8. April 2017, 21:58
Mittagsjournal, 6.2.2016
Aus Paris,
Schon vor der Parlamentsdebatte war seit Tagen nur noch von Farce, Schlamassel oder Fiasko die Rede – je länger die öffentliche Diskussion anhielt, desto weniger wurde verständlich, warum Staatspräsident Hollande sich auf seinen Vorschlag versteift, die Aberkennung der Staatsbürgerschaft für Terroristen in die Verfassung aufnehmen zu wollen – entsprechend schwer tat sich Regierungschef Valls bei der Präsentation der Reform im Parlament: Es geht darum die Feinde der Republik, die Feinde Frankreichs zu bekämpfen. Die Aberkennung der Staatsbürgerschaft ist die kollektive Antwort der Franzosen gegenüber anderen Franzosen, die beschlossen haben, das Leben der Nation in Gefahr zu bringen.
Das Problem: die drohende Aberkennung der französischen Staatsbürgerschaft wird keinen Terroristen davon abhalten, ein Attentat zu begehen. Und: sie kann - da internationale Verträge untersagen, einen Bürger staatenlos zu machen - nur Franzosen mit doppelter Staatsangehörigkeit treffen – theoretisch rund 3,5 Millionen mit Wurzeln in Nord- und Schwarzafrika. De facto als nicht mehr als ein symbolischer Akt, allerdings ein Symbol, das zwei Kategorien von Franzosen schafft und ausgerechnet die stigmatisiert, die im gegenwärtigen Klima ohnehin schon unter Generalverdacht stehen, Islamisten zu sein.
Namhafte Juristen, Philosophen und Autoren, wie Mitterrands ehemaliger Berater, Jacques Attali, haben jüngst in einem Aufruf an die Abgeordneten appelliert, diese Reform im Namen der Freiheit abzulehnen. Die Fraktionsvorsitzende der Grünen, Cecile Duflot sagte in der Debatte: Auch Robert Badinter, der ehemalige Präsident des Verfassungsgerichts betont die Nutzlosigkeit dieser Maßnahme. Wir hätten uns diese Debatte ersparen können, denn weder der Ausnahmezustand noch die Aberkennung der Staatsbürgerschaft machen eine Verfassungsreform nötig.
Jacques Toubon, einst Justizminister unter Präsident Chirac und Ombudsmann zum Schutz der Bürgerrechte, warnt seinerseits mit deutlichen Worten: Wenn am Ende dieses Terrors, den wir zu erleiden haben, eine gefestigte Republik steht, dann haben wir gewonnen. Wenn wir die Republik aber herabsetzen, dann werden die Terroristen in gewisser Weise erreicht haben, was sie wollten.

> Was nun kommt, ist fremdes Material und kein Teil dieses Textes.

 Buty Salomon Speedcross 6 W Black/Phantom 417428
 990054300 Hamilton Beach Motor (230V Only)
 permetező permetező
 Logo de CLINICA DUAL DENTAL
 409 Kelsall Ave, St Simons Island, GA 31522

Frankreichs Staatspräsident hat durch diese Aberkennung der Staatsbürgerschaft, die Verfassungscharakter bekommen soll, bereits seine Justizministerin verloren – sie ist aus Protest dagegen zurückgetreten.

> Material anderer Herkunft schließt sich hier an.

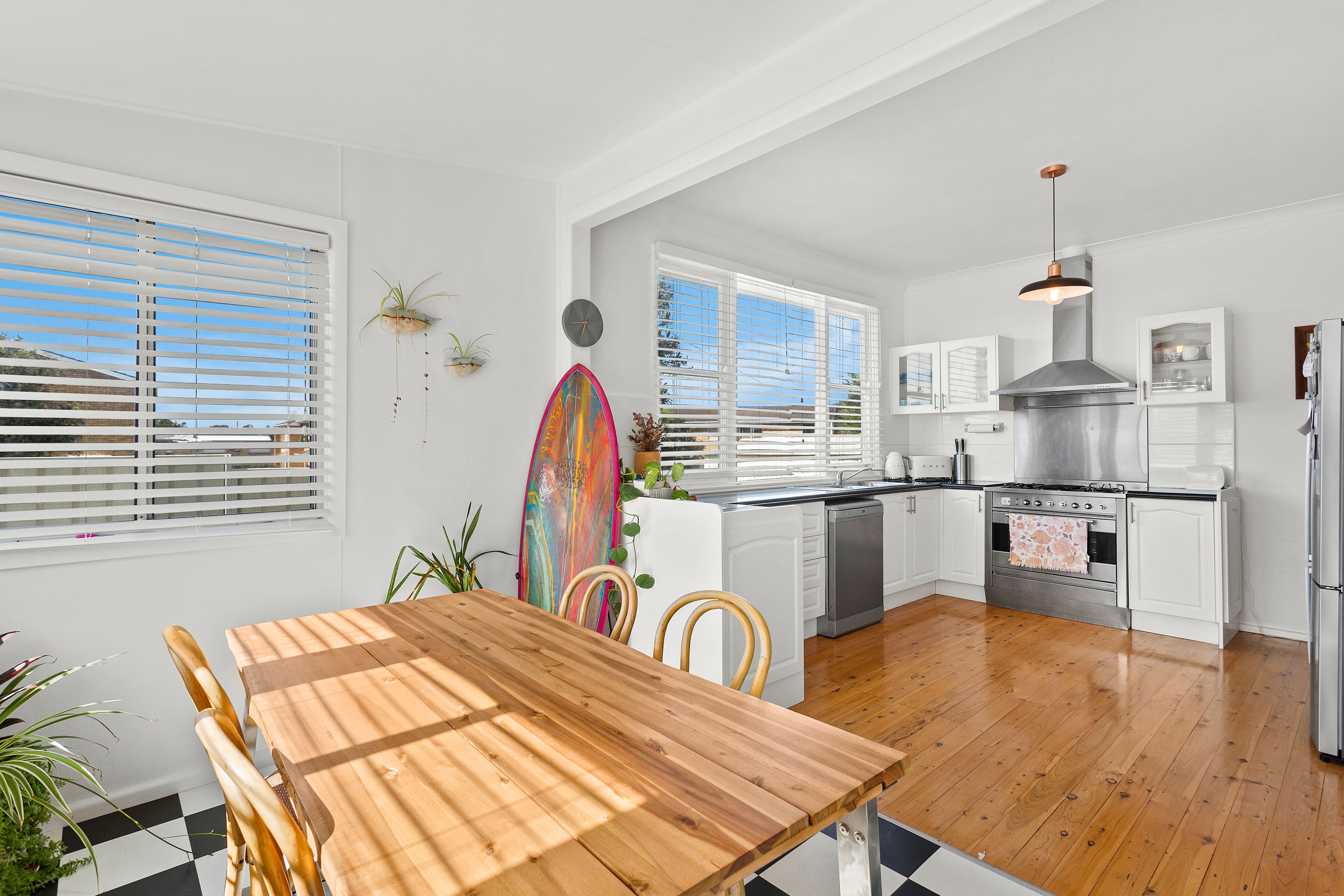 2 Ulster Avenue, Warilla, NSW 2528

Inzwischen scheint nicht mal mehr eine Mehrheit in der Nationalversammlung sicher – dass letztendlich der Kongress – die Vereinigung der Abgeordneten aus Nationalversammlung und Senat – dieser Verfassungsänderung in einigen Moanten mit einer 3/5 Mehrheit wirklich zustimmt, wird von Tag zu Tag unwahrscheinlicher – für Präsident Hollande scheint sich die schwerste politische Niederlage in seiner bald vierjährigen Amtszeit abzuzeichnen.